What you have to do:
Every line from the one holding "Land Rover Range" through the last line of the records must be retyped exactly, and no other line or picture may appear in the copy.
*** Begin section ***
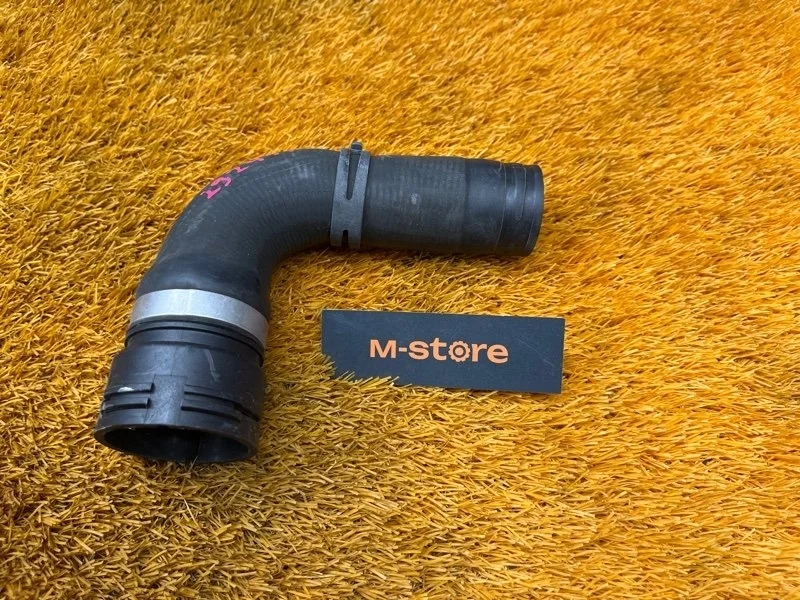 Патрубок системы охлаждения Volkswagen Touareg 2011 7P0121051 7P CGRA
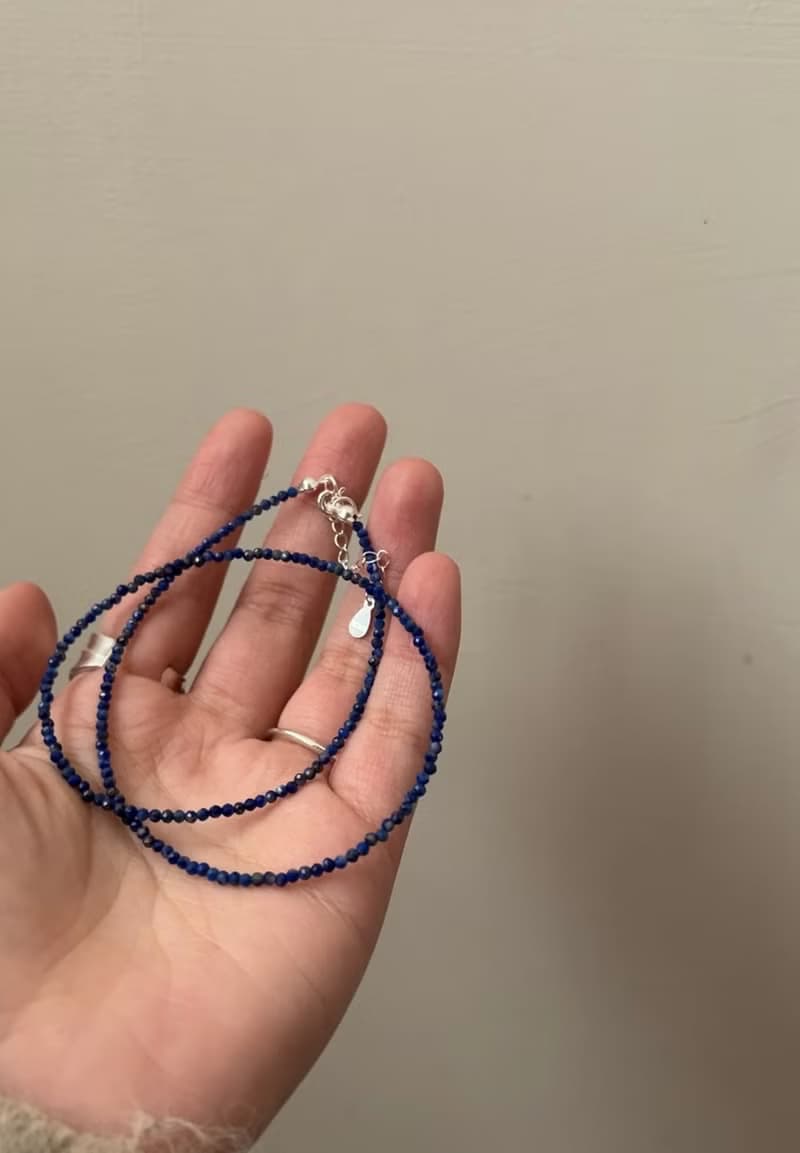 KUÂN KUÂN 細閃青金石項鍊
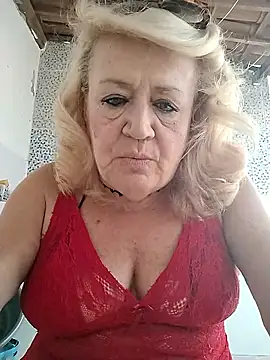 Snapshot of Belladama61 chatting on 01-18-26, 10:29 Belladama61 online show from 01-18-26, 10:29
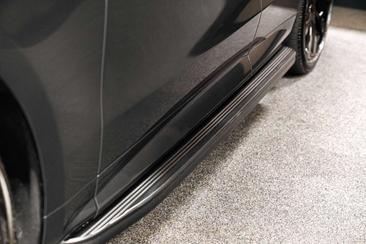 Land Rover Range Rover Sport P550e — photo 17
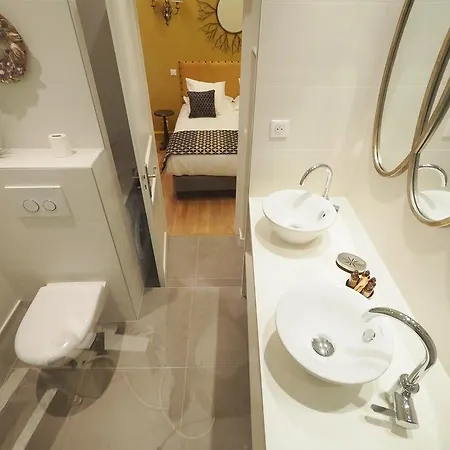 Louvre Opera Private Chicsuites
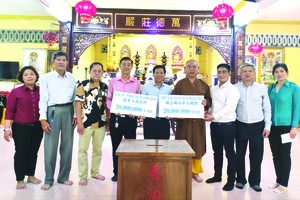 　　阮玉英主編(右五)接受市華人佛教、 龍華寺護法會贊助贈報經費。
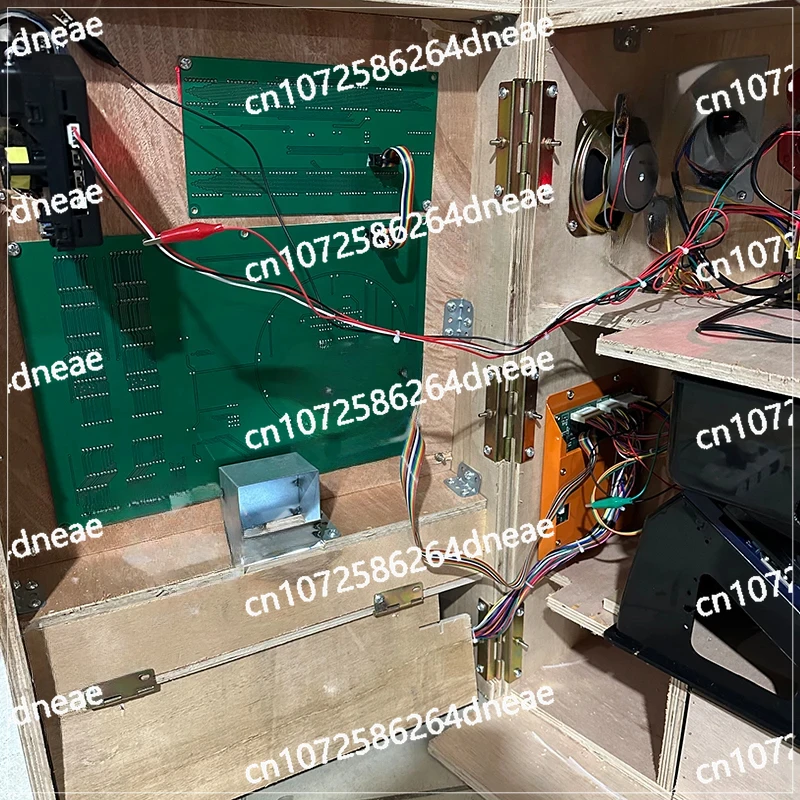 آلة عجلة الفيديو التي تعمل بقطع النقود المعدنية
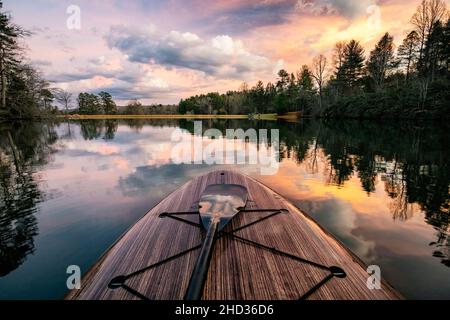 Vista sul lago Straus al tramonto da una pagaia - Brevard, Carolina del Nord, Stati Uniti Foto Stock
*** End section ***
Response to the exercise:
 Land Rover Range Rover Sport P550e — photo 17
 Louvre Opera Private Chicsuites
 　　阮玉英主編(右五)接受市華人佛教、 龍華寺護法會贊助贈報經費。
 آلة عجلة الفيديو التي تعمل بقطع النقود المعدنية
 Vista sul lago Straus al tramonto da una pagaia - Brevard, Carolina del Nord, Stati Uniti Foto Stock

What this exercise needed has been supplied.